• WHAT THE TASK REQUIRES:
Everything in the listing must be transcribed exactly, from the first line to the last.

COLLECTED MATERIAL: Begin

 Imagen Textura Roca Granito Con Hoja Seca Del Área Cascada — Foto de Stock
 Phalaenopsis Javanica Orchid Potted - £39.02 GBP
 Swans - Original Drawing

COLLECTED MATERIAL: End

• TASK OUTPUT:
 Imagen Textura Roca Granito Con Hoja Seca Del Área Cascada — Foto de Stock
 Phalaenopsis Javanica Orchid Potted - £39.02 GBP
 Swans - Original Drawing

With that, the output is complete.